There’s more to the Crystal Valley trail story |

There’s more to the Crystal Valley trail story

Scott Condon is making an apples-to-oranges comparison when he puts Wilderness Workshop and the Crystal Valley Environmental Protection Association into the same category of “prominent environmental organizations” (“Crystal Valley trail debate exposes rift among Carbondale-Redstone environmentalists,” Dec. 21, The Aspen Times).

CVEPA board member Peter Westcott’s off-highway trail development stance, while waxing poetical about his lifelong tenure as an environmentalist, was almost as curious as his accusations of Wilderness Workshop being bought off by donations. Perhaps Condon should have done a little investigative journalism for this article and asked CVEPA’s resigning members what caused their disillusionment.

As well, it may have been good journalism to disclose that Dale Will (yes, the same Dale Will of Pitkin County Open Space and Trails) is a longtime CVEPA board member and past president. Is there any question about where the allegiance falls in this so called environmental organization? Yet another CVEPA board member stood up at this same Board of County Commissioners meeting to boast about the lack of wildlife in the Bear Gulch area as added incentive for the off-highway trail alignment that would invade this abundant and precious habitat.

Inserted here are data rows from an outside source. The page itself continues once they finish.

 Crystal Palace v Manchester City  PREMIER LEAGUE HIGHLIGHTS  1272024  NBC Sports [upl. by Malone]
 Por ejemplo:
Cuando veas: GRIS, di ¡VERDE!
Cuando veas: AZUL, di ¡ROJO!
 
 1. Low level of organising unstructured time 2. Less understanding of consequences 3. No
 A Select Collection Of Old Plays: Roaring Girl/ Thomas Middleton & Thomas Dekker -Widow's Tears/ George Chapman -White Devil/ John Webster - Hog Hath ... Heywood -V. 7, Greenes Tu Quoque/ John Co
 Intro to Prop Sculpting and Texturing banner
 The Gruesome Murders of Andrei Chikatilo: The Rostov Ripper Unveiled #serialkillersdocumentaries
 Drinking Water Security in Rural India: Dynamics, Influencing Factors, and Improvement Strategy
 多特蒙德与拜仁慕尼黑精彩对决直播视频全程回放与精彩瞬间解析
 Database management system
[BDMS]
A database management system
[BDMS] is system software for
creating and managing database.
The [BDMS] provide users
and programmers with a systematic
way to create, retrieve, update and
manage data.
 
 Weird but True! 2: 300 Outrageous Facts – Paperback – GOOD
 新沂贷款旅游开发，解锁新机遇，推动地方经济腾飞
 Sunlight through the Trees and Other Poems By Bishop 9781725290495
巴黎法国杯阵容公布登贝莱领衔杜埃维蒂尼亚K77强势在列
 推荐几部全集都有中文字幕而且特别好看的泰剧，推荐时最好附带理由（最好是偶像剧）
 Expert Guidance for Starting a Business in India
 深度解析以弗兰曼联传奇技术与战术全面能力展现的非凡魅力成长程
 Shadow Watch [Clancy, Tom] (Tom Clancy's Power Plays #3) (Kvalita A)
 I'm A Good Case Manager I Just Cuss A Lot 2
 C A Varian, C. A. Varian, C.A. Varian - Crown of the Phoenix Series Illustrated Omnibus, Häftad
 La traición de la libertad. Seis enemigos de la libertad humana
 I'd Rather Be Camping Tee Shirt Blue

To quote, “I was just up there last week and there was no wildlife at all! Nothing!” Is this shortsighted anecdotal assessment of wildlife habitat the words of the leader of an environmental organization? Contrast this to the moving words of Wilderness Workshop Board member Karin Teague, who encouraged the BOCC to re-evaluate the trail plan in this present and very grave environmental climate complete with devastating wildfires and barely existent stream flows. Finally, by discrediting Wildnerness Workshop, Westcott can conveniently discredit the results of Rick Thompson’s wildlife study, an absolute must for this self-proclaimed environmentalist to feel justified to push for a self serving trail alignment.